__What is being asked__. An exact restatement of the data is required, with the images omitted.

Data records Start Marker

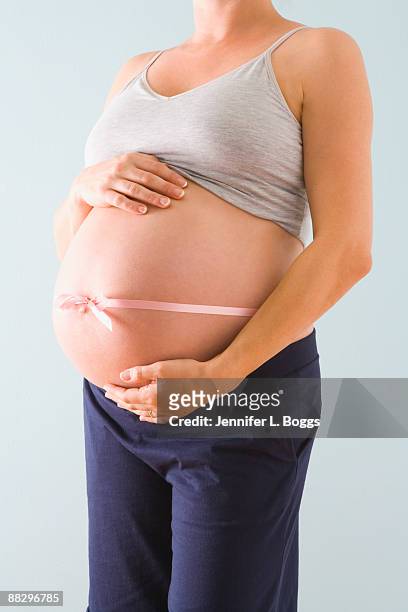pregnant womans belly wrapped in pink ribbon - its a girl ストックフォトと画像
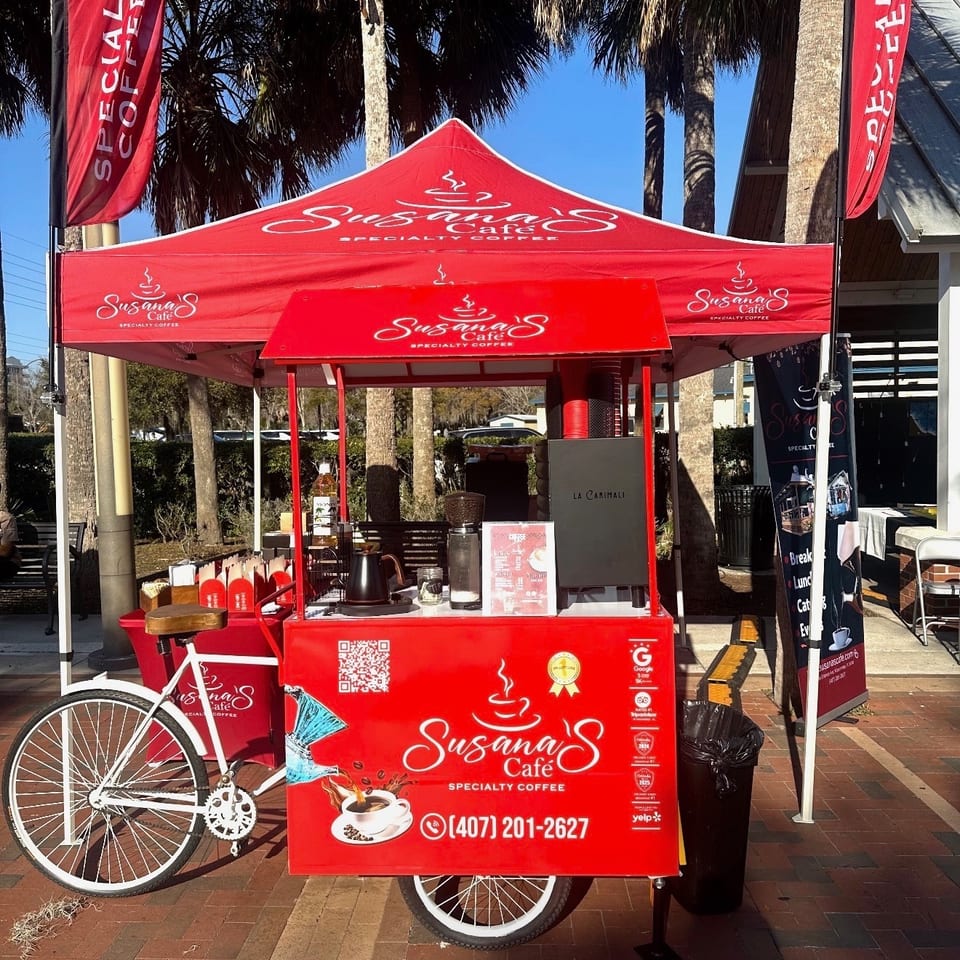 Susana's Cafe red coffee cart with a matching tent and flags under palm trees.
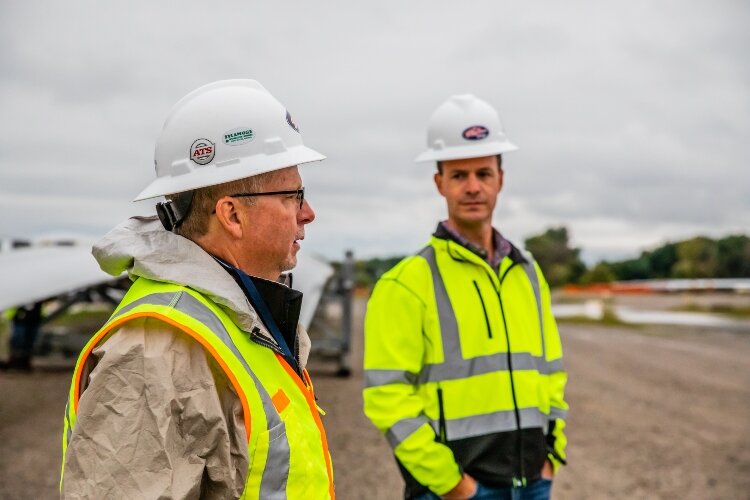Paul Strpko, sales manager for Fisher Companies, at right, talks to Bay Aggregate Manager Kevin Cotter at the Fisher Port Terminals.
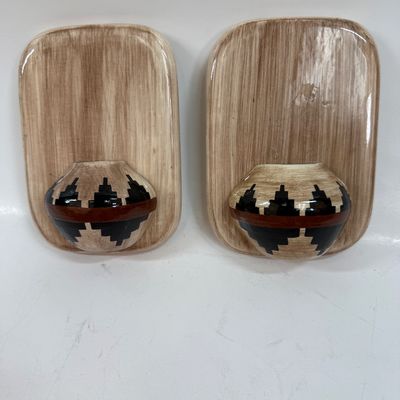 Sale Photo Thumbnail #65: Pair of ceramic plaques made to look like a wood plaque with a small woven southwestern basket.  Each is about the size of a standard light switch, good condition.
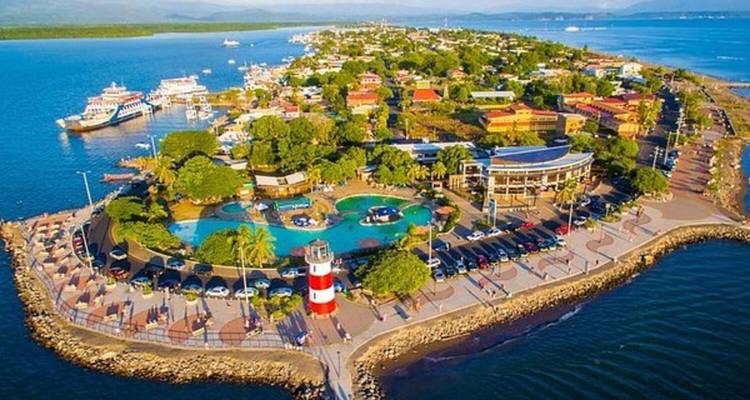 Vue aérienne d'une ville côtière avec un phare et une promenade.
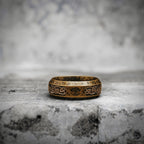 Antique gold Viking ring resting on a stone surface, engraved with a Yggdrasil tree of life and Celtic knotwork pattern along the band

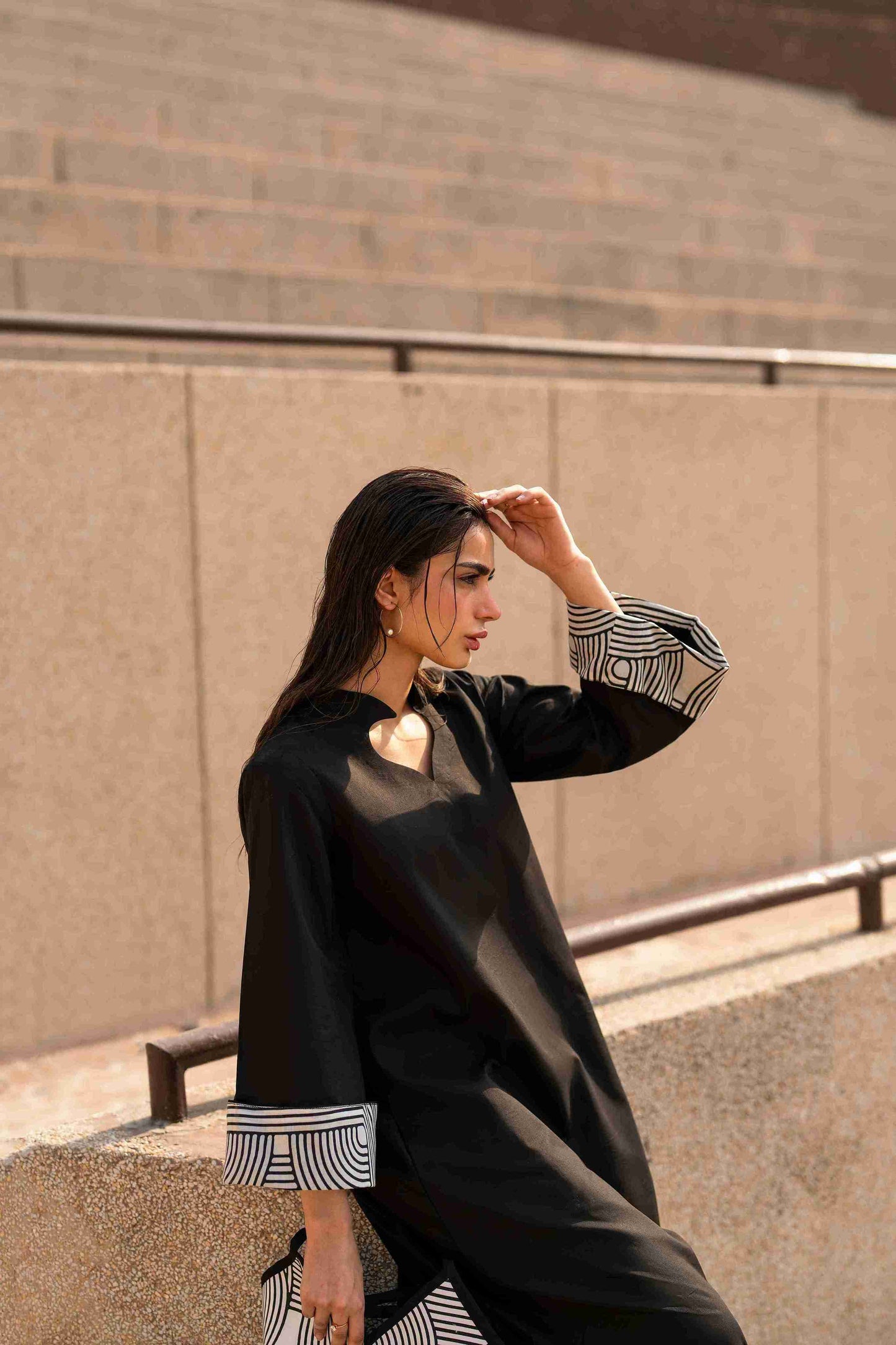 Crisscross neckline Jacquard tunic paired with bell bottom trouser for trendy girls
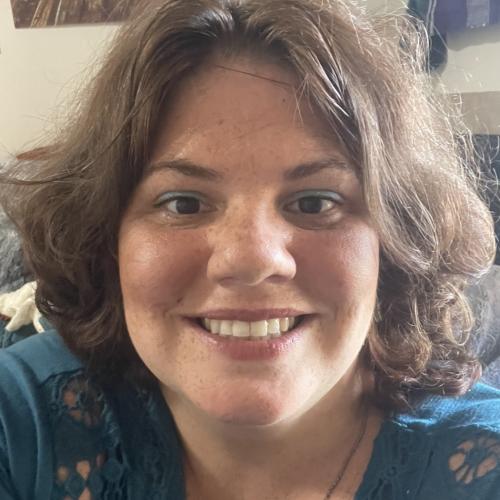 Megan Shrader Image Description: Megan has short, wavy brown hair, dark eyes, and a round face. She wears a jewel-toned blue blouse.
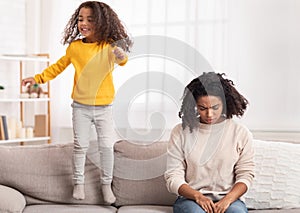 Exhausted Mother Sleeping While Hyperactive Daughter Jumping On Sofa Indoor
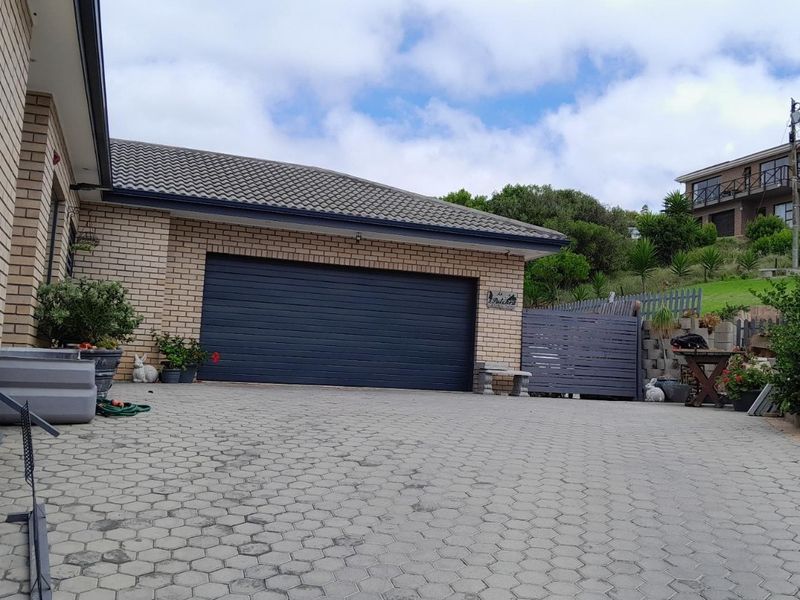 Front exterior view of the property featuring a brick facade, a paved driveway, and a secure garage.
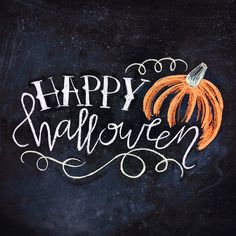 a chalkboard with the words happy halloween written on it and an orange pumpkin in the center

Data records End Marker

__Task answer__.
pregnant womans belly wrapped in pink ribbon - its a girl ストックフォトと画像
 Susana's Cafe red coffee cart with a matching tent and flags under palm trees.
Paul Strpko, sales manager for Fisher Companies, at right, talks to Bay Aggregate Manager Kevin Cotter at the Fisher Port Terminals.
 Sale Photo Thumbnail #65: Pair of ceramic plaques made to look like a wood plaque with a small woven southwestern basket.  Each is about the size of a standard light switch, good condition.
 Vue aérienne d'une ville côtière avec un phare et une promenade.
 Antique gold Viking ring resting on a stone surface, engraved with a Yggdrasil tree of life and Celtic knotwork pattern along the band

 Crisscross neckline Jacquard tunic paired with bell bottom trouser for trendy girls
 Megan Shrader Image Description: Megan has short, wavy brown hair, dark eyes, and a round face. She wears a jewel-toned blue blouse.
 Exhausted Mother Sleeping While Hyperactive Daughter Jumping On Sofa Indoor
 Front exterior view of the property featuring a brick facade, a paved driveway, and a secure garage.
 a chalkboard with the words happy halloween written on it and an orange pumpkin in the center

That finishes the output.